One evening, after we had finished our work for the day, we looked around for chai. Unexpectedly, we were near the temple of Ugra Tara. And, surely, we went in.
Tara is not only an ancient Hindu Goddess but also one of the most important Buddhist Goddesses.
Apparently, the term Tara, from the Sanskrit root ‘tri’ means deliverer, saviour, to “take across” a river, an ocean, a mountain or any difficult situation. Tara also means ‘star’. Hence she is the star of our aspiration, our muse who guides us on the creative path.
Ugra Tara, just after her daily,
Ugra Tara, is her aroused, or demonic form. And apparently, she loves liquor, meat and utter devotion. Animal sacrifices, of goats and cows, are common. Goats are sacrificed regularly, while cows are sacrificed during Dasshera.
Yep. The animal sacrifice place. The big one is for
the cows and the small one for goats.
Apparently, Ugratara temples are extremely rare in this part of the country. As far as it is known, there is no other regular temple of Ugratara anywhere in Bihar, although the image of Tara particularly of the Pala period have been found at various places, including Kurkihar in Gaya district.

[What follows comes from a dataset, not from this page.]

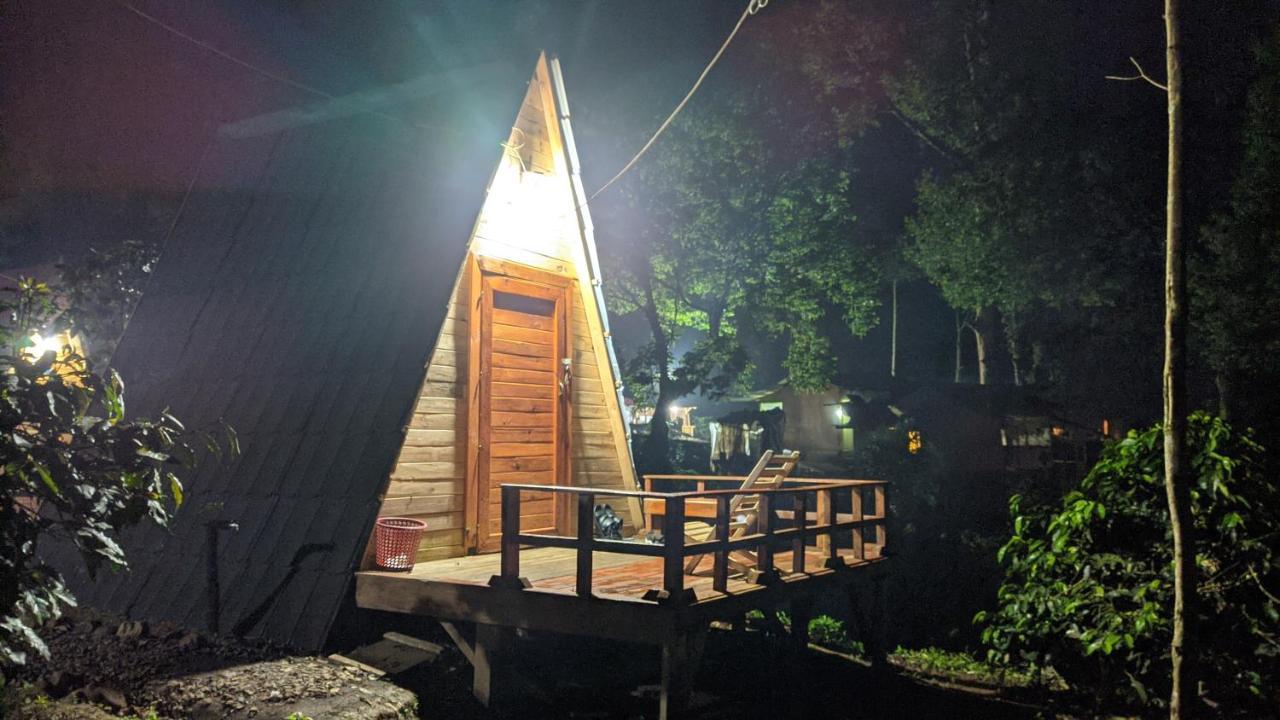 Penginapan Segitiga 2 Bandung Luaran gambar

The worship of this rare deity at this inaccessible village excites curiosity.
Ugratara is also known as Maha-Cina-Tara and this later Buddhistic image has been imported to India from Tibet through Nepal. Saharsa district is quite close to Nepal. The frontiers of Saharsa district and the district of Saptari in Nepal adjoin.
Ugratara is an image of Tantric culture.